Я с торжеством протянул Орлову долгожданные телеграммы. Он жадно схватил их, распечатал одну, прочитал другую, и тут лицо его вытянулось. Просмотрев текст еще раз, Орлов отдал мне обе телеграммы, и через минуту все мы катались со смеху. Первая телеграмма, отправленная Московским центральным телеграфом, гласила: «В ваших телеграммах часто повторяется слово невмоготу тчк сообщите это географическое понятие или выражение чувств избежание ошибок дальнейшем». Вторая телеграмма из Улан-Баторского почтамта повторяла тот же запрос. Юрий Александрович любил писать в телеграммах место, где он в соответствующий момент находился. Добрый десяток телеграмм из Нэмэгэту, искаженного как «Невмоготу», привлек внимание Московского телеграфа…

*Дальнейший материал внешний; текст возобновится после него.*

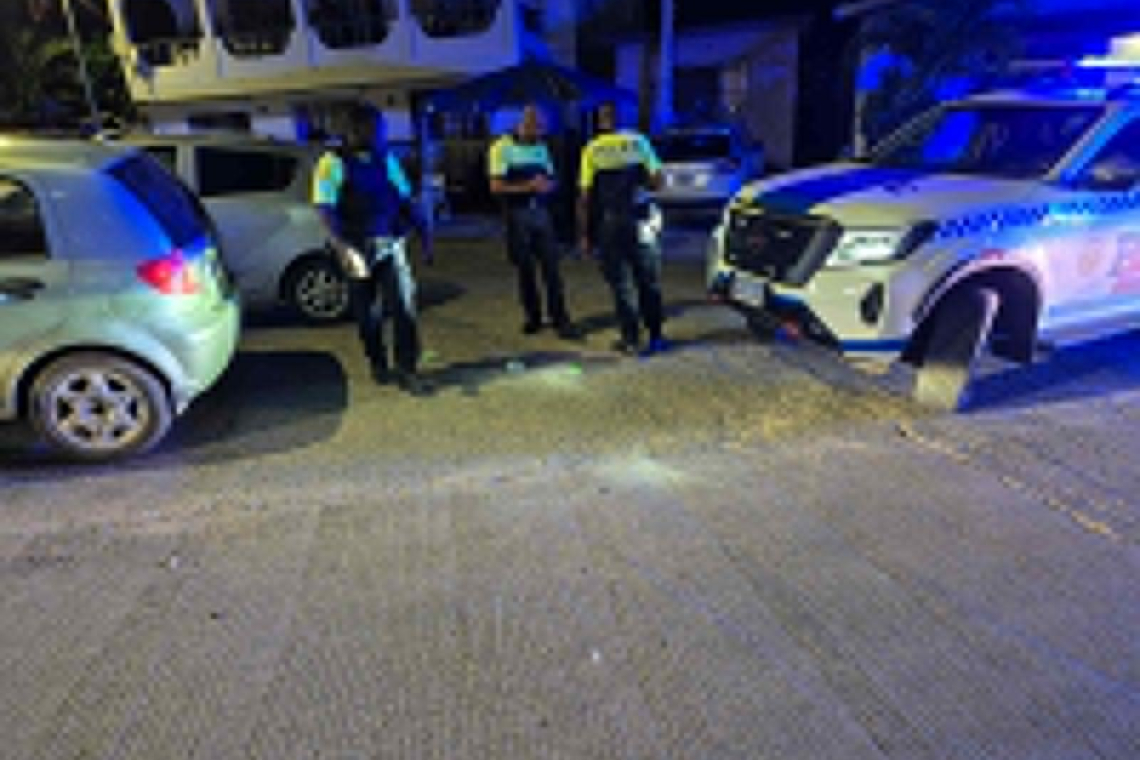    Fatal shooting in Fort Willem: man dies from multiple gunshot wounds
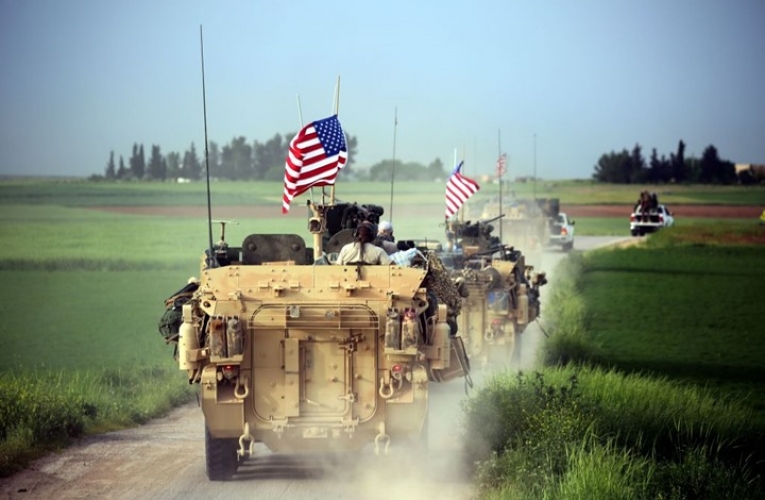  صحيفة أمريكية: الولايات المتحدة تستعد لسحب جميع قواتها من سوريا قبل نهاية نيسان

Через полчаса мы прибыли в лагерь Орокнурского отряда у колодца Анда-Худук («Колодец Друга»), закончив маршрут и пройдя от Далана четыреста двадцать семь километров. Впервые в Гоби лагерь стоял на зеленой поляне, на траве. Порывы ветра гнали не пыль и песок, а приносили лишь запахи полыни и лука, разводя по траве широкие волны. Издали как будто густая, трава на самом деле была редкой и легко вытаптывалась. Колеса машин оставляли после себя быстро желтевшие борозды. Орокнурцы дошли сюда на последних каплях масла, да и бензина оставалось так мало, что наша задержка из-за ожидания машин в даланской базе вызвала у них серьезную тревогу.
Отряд Рождественского обследовал основные местонахождения, раскапывавшиеся американской экспедицией. Главные работы сосредоточились в сухом русле Татал-гола («Огородная речка»), где в нижнетретичных отложениях мы нашли около пятисот черепов и челюстей грызунов, насекомоядных и хищников, живших около тридцати пяти миллионов лет тому назад. Там же раскопали две ноги величайшего наземного млекопитающего — носорога белуджитерия. Лапы стояли вертикально; очевидно, весь скелет был захоронен в стоячем положении. Последовавшим размывом весь верхний слой третичных песков был смыт вместе со скелетом. Остались на месте только стопы лап. Интересно, что американцы также нашли неподалеку в этих же отложениях четыре вертикально стоявшие лапы белуджитерия, оставшиеся от целого скелета.
В нижнемеловых сланцах, обрывы которых начинались у самого лагеря, вдоль подножия горы Ушуг («Пинок») заложили раскопку. Эглон добывал ежедневно несколько десятков отпечатков рыб. В общем, результаты не очень радовали — американские местонахождения не шли ни в какое сравнение с нашими южно — и восточно-гобийскими. Для более продуктивных раскопок теперь следовало срочно перебрасываться в другой район, чтобы не упустить оставшееся время полевого сезона.
Вечером собрался «военный совет», продолжавшийся почти до рассвета. Я предложил перебраться на Эргиль-обо и расширить там прежние раскопки, чтобы получить побольше материала по третичным млекопитающим. Разыскивать что-нибудь новое было поздно: для работ на западе у нас не было баз с бензином, а наличного горючего не хватило бы на поиски новых местонахождений. Приняли мое предложение. Как оказалось впоследствии, это решение было не лучшим, так как дополнительные раскопки на Эргиль-обо дали не так уж много материала — нехватка бензина не позволила провести новые поиски в этом районе.